§ Supplied material
------------------------------
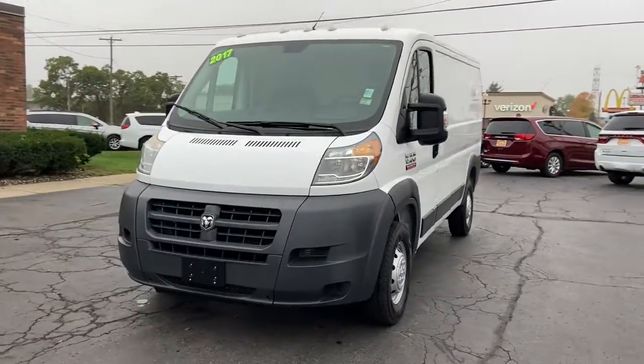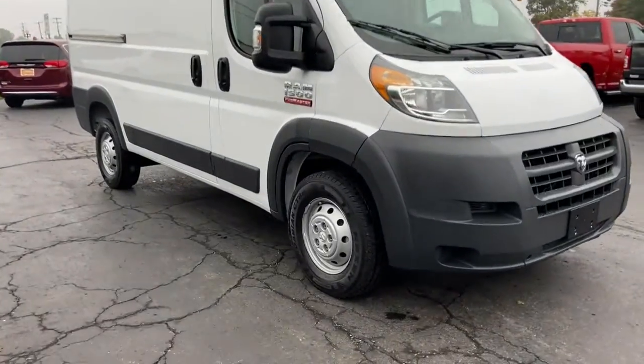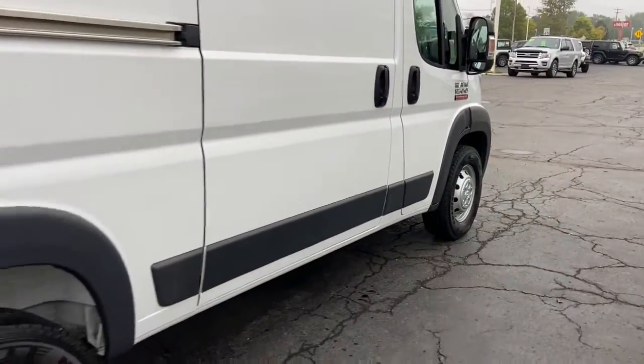Get acquainted with the 2017 Ram ProMaster 1500. This vehicle still has fewer than 25,000 miles on the clock, so it won't last long. This vehicle delivers the best of sporty styling and modern efficiency.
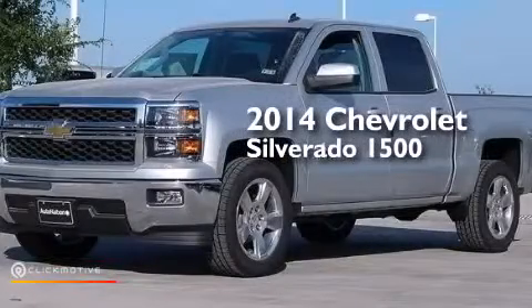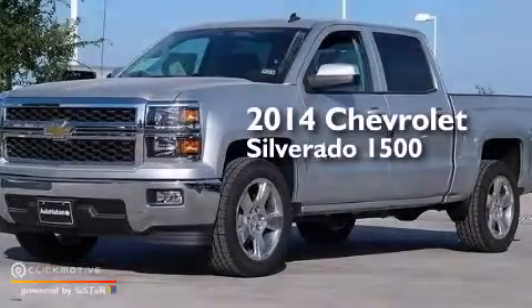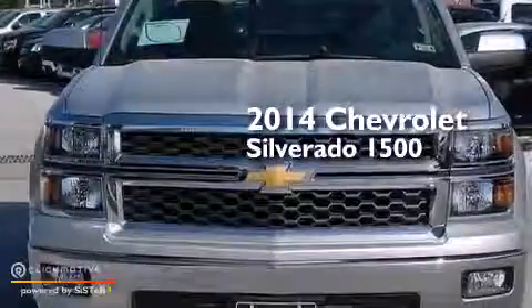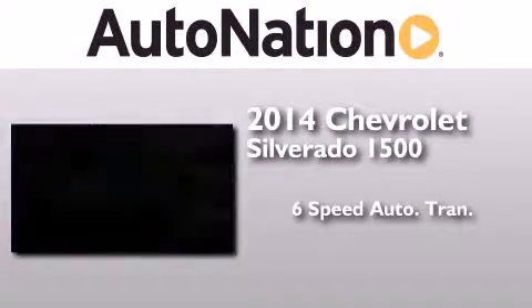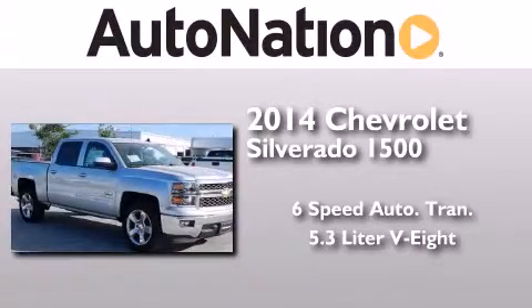This is a brand new 2014 Chevrolet Silverado 1500. This truck has a 6-speed automatic transmission and a 5.3-liter V8.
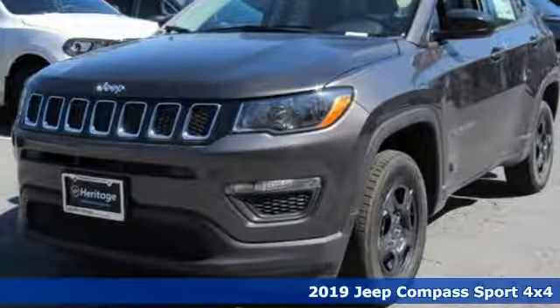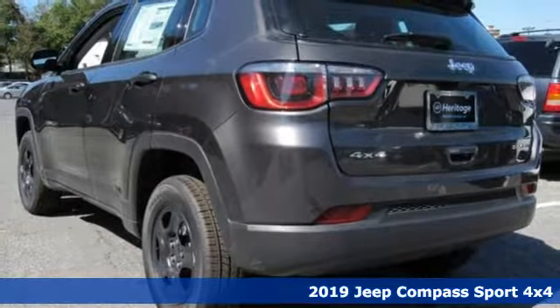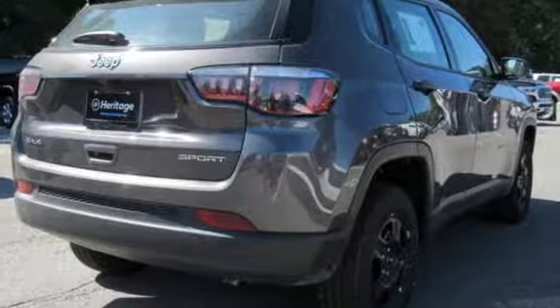It's a new 2019 Jeep Compass. This Compass takes you to your go-to place, no matter how hard it is to get to. You'll look forward to every drive with features like these.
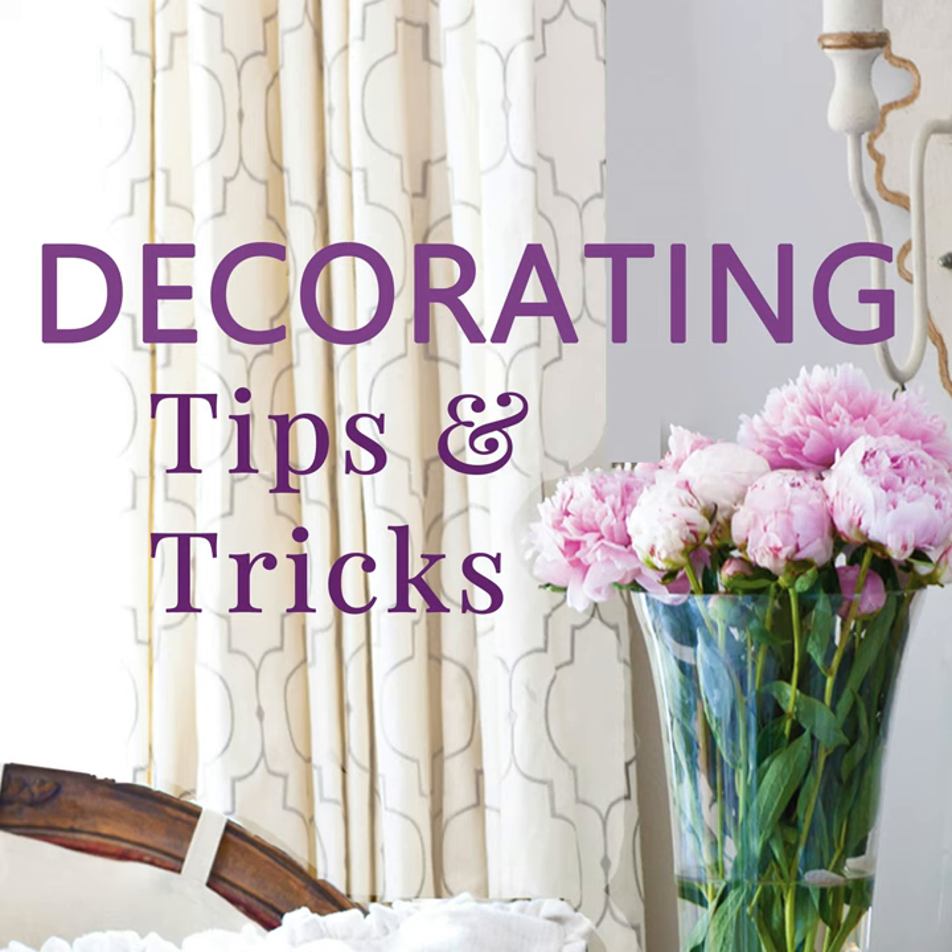Hey everyone, your designers are here! I'm Anita at Cedar Hill Farmhouse, I'm Yvonne at Stone Gable, and I'm Kelly at My Soulful Home. We've got tips and tricks and decorating advice for you today, so let's get started.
------------------------------
§ What is required
Copy out the data verbatim, with no pictures.

§ The answer
Get acquainted with the 2017 Ram ProMaster 1500. This vehicle still has fewer than 25,000 miles on the clock, so it won't last long. This vehicle delivers the best of sporty styling and modern efficiency.
This is a brand new 2014 Chevrolet Silverado 1500. This truck has a 6-speed automatic transmission and a 5.3-liter V8.
It's a new 2019 Jeep Compass. This Compass takes you to your go-to place, no matter how hard it is to get to. You'll look forward to every drive with features like these.
Hey everyone, your designers are here! I'm Anita at Cedar Hill Farmhouse, I'm Yvonne at Stone Gable, and I'm Kelly at My Soulful Home. We've got tips and tricks and decorating advice for you today, so let's get started.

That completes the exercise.